Pure Hell (I Know, the band names give some pause for thought) was formed in 1974 thanks to Kenny “Stinker” Gordon and Michael Gordon. They are recognized in many sectors as the first Punk band that could be called an African-American punk band. Their career was short-lived as they have one single– a cover to Nancy Sinatra’s “These Boots Are Made for Walking”

They did release an album in 2005 called Noise Addiction. They have reformed and maybe we’ll hear something from them soon.


Dead Kennedys

As you can imagine, their name caused quite a bit of controversy due to the nature. The Dead Kennedy’s came together in 1978 and featured just one black member– the drummer, D.H. Peligro and he joined in 1981.

Dead Kennedys were a bit more hardcore than other bands on the list as was shown in their debut album, Fresh Fruit for Rotting Vegetables released in 1980. They were also pretty abrasive, sometimes calling out actual politicians in their lyrics and also opposing racism and capitalism.

They went through the independent route even before it became cool, creating Alternative Tentacles in 1979. They broke up in 86 but in 2001, three members reformed the group including Peligro. They have continued to produce music much to the displeasure of original lead singer Jello Biafra who feel betrayed by the band’s alleged change in values


They are often considered the fathers of the afro-punk genre and their sound paved the way for so many others. They came together in 1974 and consisted of three brothers, David, Bobby and Dannis Hackney.

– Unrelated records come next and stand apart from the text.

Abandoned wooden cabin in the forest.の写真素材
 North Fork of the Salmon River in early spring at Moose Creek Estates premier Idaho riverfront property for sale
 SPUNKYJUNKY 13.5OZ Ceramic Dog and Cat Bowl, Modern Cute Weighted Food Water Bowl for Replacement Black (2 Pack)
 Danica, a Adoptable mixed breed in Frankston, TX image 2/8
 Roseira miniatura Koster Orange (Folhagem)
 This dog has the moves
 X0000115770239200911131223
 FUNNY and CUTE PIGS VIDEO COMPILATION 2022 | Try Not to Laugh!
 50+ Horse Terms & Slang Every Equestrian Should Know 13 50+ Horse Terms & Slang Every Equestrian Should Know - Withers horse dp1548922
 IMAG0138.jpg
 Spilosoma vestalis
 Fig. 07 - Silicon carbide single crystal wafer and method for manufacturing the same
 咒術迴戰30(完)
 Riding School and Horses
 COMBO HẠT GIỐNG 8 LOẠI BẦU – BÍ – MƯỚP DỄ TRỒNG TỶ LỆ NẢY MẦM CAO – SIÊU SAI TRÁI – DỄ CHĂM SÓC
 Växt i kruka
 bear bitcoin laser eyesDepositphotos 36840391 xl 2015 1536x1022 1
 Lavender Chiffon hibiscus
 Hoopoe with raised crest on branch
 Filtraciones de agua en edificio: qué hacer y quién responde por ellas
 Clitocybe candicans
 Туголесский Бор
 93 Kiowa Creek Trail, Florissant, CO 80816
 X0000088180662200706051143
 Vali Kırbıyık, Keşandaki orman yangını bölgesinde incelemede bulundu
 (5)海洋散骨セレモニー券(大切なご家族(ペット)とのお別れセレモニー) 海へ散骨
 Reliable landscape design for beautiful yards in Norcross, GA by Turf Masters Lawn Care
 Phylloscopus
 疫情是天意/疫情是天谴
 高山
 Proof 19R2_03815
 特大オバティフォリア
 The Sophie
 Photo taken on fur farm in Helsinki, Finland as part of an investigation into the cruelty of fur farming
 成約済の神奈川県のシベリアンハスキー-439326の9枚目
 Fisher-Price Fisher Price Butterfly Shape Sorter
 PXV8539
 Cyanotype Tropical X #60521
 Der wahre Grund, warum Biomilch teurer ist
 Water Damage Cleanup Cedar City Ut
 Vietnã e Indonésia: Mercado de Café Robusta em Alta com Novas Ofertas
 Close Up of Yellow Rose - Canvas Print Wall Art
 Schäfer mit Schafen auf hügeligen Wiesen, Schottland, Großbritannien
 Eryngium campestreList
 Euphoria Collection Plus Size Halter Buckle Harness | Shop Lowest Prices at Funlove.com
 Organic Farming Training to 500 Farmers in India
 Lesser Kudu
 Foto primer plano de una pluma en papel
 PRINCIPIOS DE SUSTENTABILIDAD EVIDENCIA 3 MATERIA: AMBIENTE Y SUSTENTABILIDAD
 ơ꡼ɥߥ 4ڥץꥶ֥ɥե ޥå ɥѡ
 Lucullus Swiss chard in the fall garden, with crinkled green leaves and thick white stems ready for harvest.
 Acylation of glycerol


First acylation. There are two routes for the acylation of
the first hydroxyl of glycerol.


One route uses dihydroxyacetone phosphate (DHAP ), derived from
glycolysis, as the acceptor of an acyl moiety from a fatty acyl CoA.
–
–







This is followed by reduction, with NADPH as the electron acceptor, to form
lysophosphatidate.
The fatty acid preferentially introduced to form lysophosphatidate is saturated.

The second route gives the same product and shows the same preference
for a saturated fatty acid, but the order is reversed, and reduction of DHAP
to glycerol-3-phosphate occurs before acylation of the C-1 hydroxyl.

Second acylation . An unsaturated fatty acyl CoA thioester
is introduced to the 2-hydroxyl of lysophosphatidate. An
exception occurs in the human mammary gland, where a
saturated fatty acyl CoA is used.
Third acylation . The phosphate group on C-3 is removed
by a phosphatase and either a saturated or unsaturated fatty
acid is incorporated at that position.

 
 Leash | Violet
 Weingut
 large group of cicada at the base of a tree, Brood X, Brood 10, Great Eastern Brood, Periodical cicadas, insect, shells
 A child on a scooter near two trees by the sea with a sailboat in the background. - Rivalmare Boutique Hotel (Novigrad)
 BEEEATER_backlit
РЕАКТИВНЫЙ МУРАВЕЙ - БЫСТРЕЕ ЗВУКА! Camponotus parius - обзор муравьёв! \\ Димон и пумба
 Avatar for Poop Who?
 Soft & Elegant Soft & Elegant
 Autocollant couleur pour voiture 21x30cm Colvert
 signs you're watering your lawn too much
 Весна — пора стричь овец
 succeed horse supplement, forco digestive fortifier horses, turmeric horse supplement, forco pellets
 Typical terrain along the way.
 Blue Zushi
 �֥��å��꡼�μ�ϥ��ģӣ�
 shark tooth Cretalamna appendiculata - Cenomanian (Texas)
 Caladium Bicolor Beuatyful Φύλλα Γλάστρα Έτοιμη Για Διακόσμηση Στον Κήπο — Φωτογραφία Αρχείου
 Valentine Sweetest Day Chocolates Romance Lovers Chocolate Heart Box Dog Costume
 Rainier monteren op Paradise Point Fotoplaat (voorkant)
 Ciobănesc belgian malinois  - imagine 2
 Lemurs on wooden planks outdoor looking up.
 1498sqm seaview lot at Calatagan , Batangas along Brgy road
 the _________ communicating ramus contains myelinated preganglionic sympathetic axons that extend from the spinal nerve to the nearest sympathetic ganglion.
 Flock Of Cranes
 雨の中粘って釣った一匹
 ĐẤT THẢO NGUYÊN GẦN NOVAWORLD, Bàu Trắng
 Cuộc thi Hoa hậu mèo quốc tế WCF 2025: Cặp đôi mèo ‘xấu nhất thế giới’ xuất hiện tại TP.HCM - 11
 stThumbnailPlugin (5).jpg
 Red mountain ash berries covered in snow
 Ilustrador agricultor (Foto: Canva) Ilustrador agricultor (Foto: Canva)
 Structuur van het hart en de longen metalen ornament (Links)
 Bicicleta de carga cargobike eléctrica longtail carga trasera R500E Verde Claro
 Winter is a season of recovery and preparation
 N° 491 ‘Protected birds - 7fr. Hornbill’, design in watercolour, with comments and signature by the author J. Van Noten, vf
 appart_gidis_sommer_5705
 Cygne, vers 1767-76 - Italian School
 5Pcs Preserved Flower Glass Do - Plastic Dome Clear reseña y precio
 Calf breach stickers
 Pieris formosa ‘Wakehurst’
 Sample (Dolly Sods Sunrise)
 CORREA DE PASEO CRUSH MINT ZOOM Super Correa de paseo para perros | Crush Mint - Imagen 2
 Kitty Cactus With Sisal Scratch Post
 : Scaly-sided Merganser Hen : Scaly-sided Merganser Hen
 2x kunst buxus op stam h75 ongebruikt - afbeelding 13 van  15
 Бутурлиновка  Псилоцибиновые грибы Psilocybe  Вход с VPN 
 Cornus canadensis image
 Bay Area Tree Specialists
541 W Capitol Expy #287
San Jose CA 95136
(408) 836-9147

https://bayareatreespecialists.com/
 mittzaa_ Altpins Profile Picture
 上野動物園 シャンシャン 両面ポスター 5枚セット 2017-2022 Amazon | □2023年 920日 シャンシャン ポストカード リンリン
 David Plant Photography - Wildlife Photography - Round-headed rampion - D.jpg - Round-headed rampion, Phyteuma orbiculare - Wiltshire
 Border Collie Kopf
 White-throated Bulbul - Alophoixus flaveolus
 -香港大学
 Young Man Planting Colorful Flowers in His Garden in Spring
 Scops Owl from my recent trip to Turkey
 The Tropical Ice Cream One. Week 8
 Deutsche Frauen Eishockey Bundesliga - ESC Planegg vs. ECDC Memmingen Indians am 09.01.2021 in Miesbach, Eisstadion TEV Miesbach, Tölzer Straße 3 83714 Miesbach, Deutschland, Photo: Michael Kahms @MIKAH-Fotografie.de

Their sound utilised punk and funk elements and credit has to go ‘The Who’ for inspiring a switch from funk to punk. They were active between 1974 and 1976 releasing a number of singles at the time such as “Politicians In My Eyes” b/w “Keep on Knocking.”

They suffered a huge setback in 1975 when while recording an album, they were informed that they were being dropped by their label due to their controversial name.

The band would enjoy a renaissance of sorts in the late 2000s, after songs such as “The Killer of Killers” and “False Positive,” were featured in TV shows. Using this as a springboard, they were able to release two more albums between 2009 and 2011.



Read: Best South African Songs You Should Be Jamming To

Bad Brains

Bad Brains was a reggae and funk band formed in Washington in 1977, but soon they went the way of punk and with them brought influences from legendary musicians such as Bob Marley, Stevie Wonder and Black Sabbath, into the mix.

They had a tough time as they were banned in 1979, just two years after formation as many of the clubs in their hometown weren’t very receptive to their sounds or message. They eventually moved to New York City which was of course more receptive to their sound. They were fairly prolific releasing 9 albums after ythe first came out in 1982. Their latest offering is actually from as recent as 2017 and it’s called Mind Power. They also got the documentary treatment in 2012 when the documentary ‘Bad Brains: A Band In D.C.’ was released.


X-Ray Spex

The 60s and 70s were an interesting time for punk in England with bands like the Sex Pistols who weren’t particularly known for their masterful music but for their message and stage presence. X-Ray Spex were an offshoot of the Sex Pistols and were formed in 1976 by lead singer Poly Styrene, They released a single in 1977 called “Oh Bondage! Up Yours!” and this catapulted them to the toop of the British punk scene and their themes of anti-capitalism, feminism and critique of the mainstream made them a highly popular and important band at he time

Germfree Adolescents, their first album, was released in 1978. Poly left the band in 1979 to set off on her own, they came together for a brief period in 1995 which birthed one last album, Conscious consumer. A documentary called PolyStyrene: I am a cliché, is in the works and it will focus on the influential lead singer of the band. It was also co-written by her daughter Celeste Bell.



A lot of the bands here were fusion bands and Fishbone is no exception as their sound was a fusion of Ska, Funk metal and Punk. They came together in 1979 and consisted of the Fisher Brothers and their friends. Their first album, ‘In Your Face’ was released in 1986 They gained some fame even opening for the Beastie boys and getting signed to Columbia Records in 1983.

They finally found some mainstream success after they released their album Truth and Soul. They were dropped by their label in 1995 which sparked some departures, they went independent in 2001 following another incident of being dropped by a label. They are still active and have been like so since their inception.